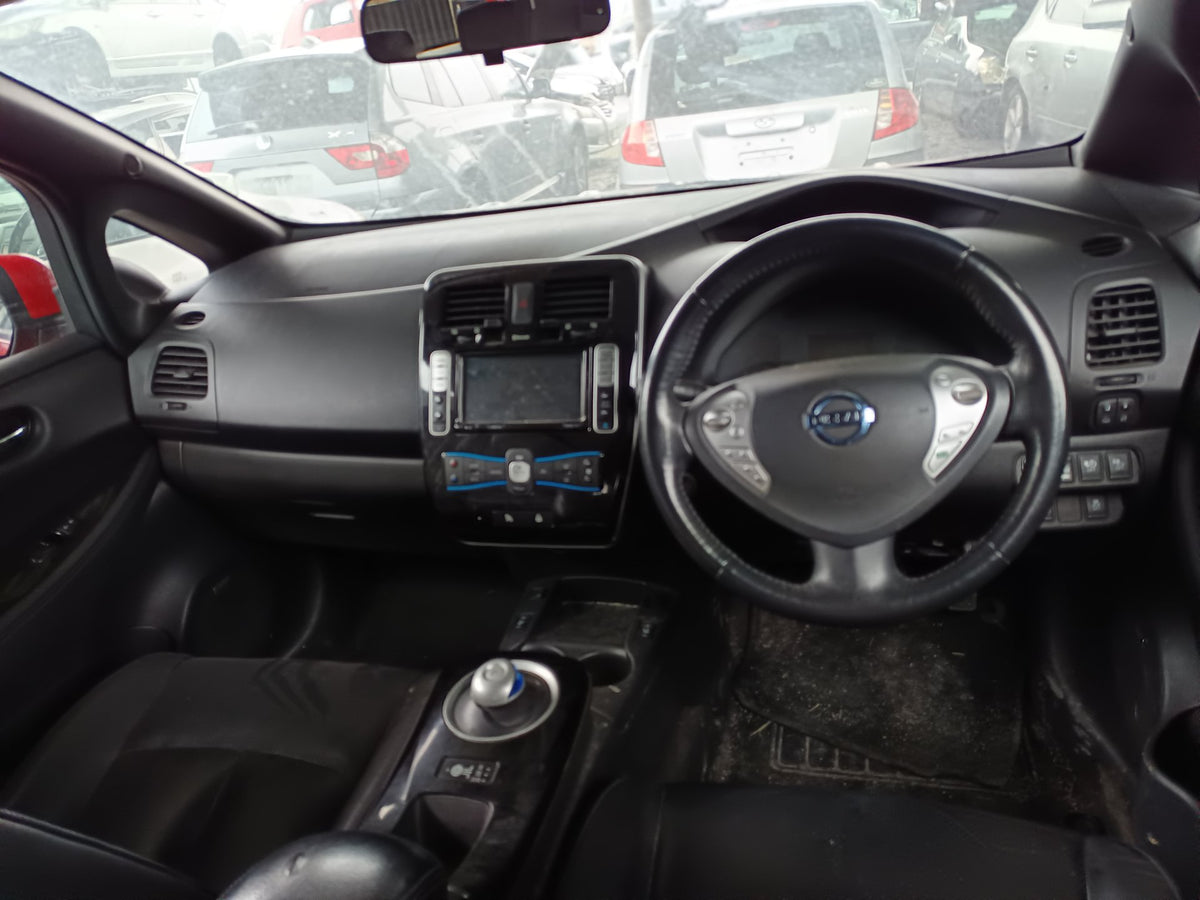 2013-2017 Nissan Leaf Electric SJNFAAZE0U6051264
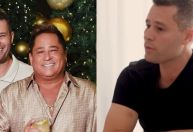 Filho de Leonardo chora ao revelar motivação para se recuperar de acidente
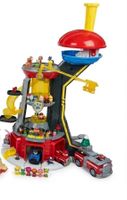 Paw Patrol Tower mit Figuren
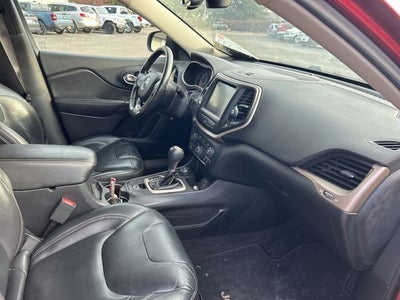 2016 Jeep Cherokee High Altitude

--

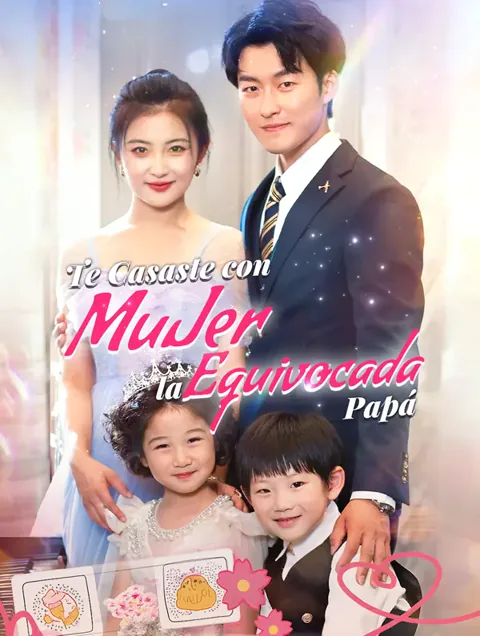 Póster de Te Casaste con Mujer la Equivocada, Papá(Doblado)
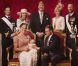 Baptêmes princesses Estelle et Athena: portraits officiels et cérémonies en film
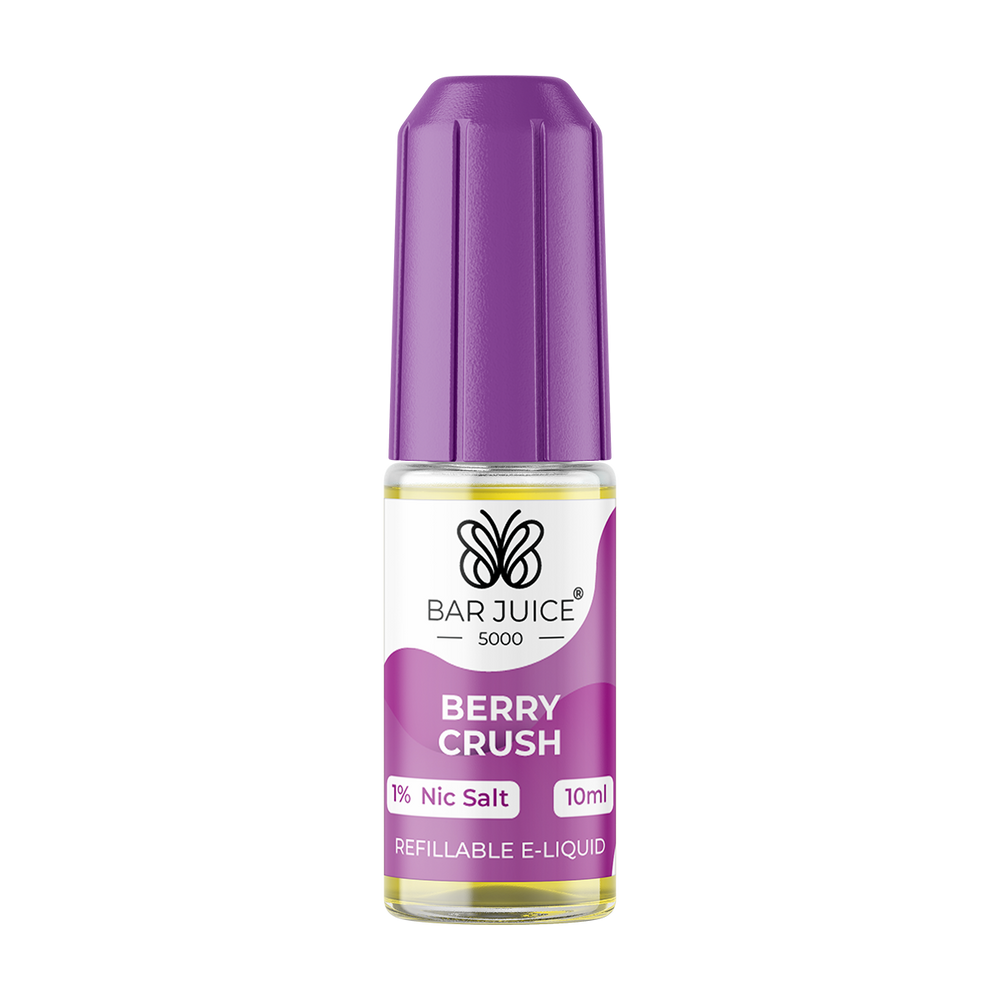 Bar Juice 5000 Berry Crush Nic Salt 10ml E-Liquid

==

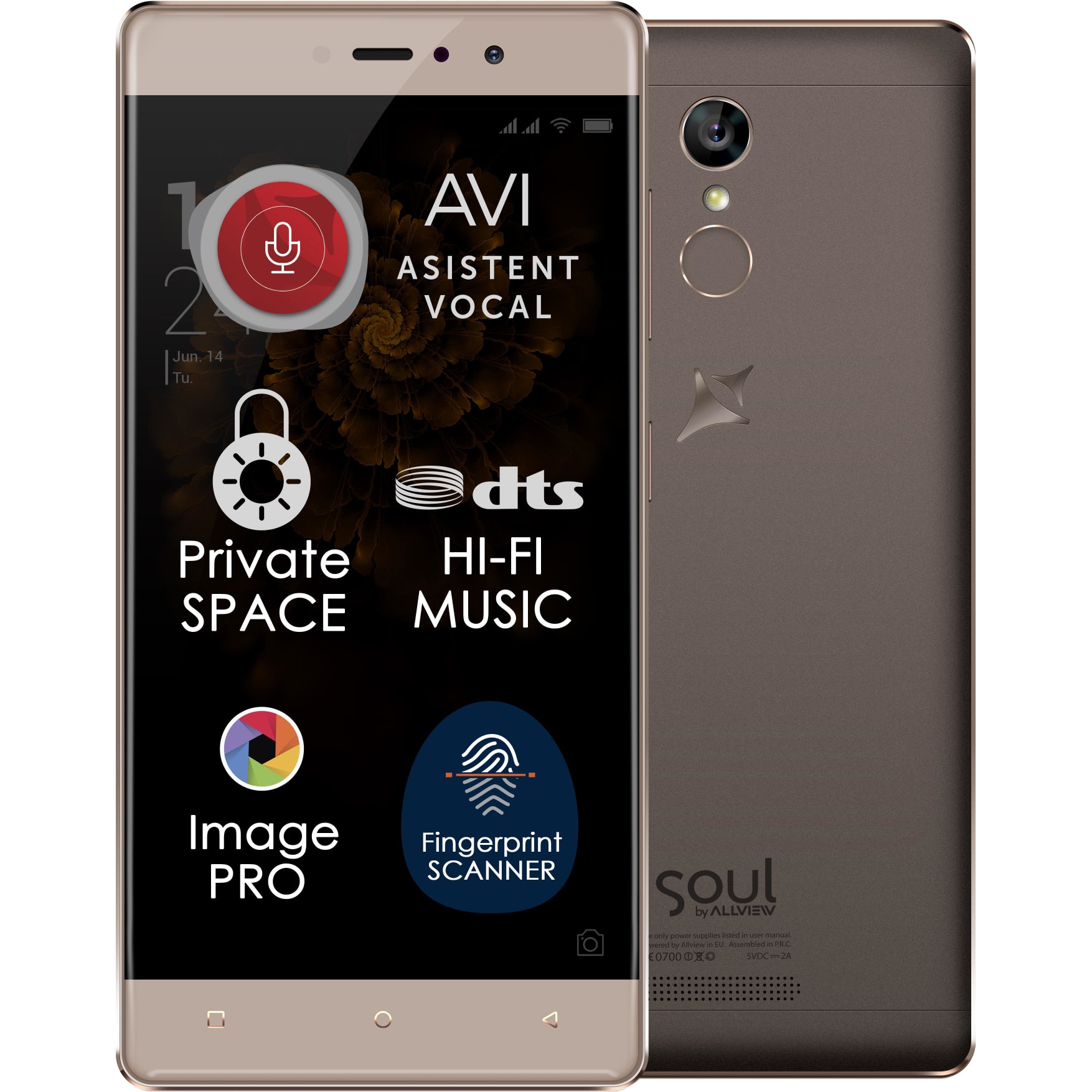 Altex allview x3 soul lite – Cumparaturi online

__What is being asked__: Leaving out each picture, repeat exactly the lines above from the one that contains "Paw Patrol Tower mit Figuren" through the one that contains "2016 Jeep Cherokee High Altitude".

__Worked solution__:
 Paw Patrol Tower mit Figuren
 2016 Jeep Cherokee High Altitude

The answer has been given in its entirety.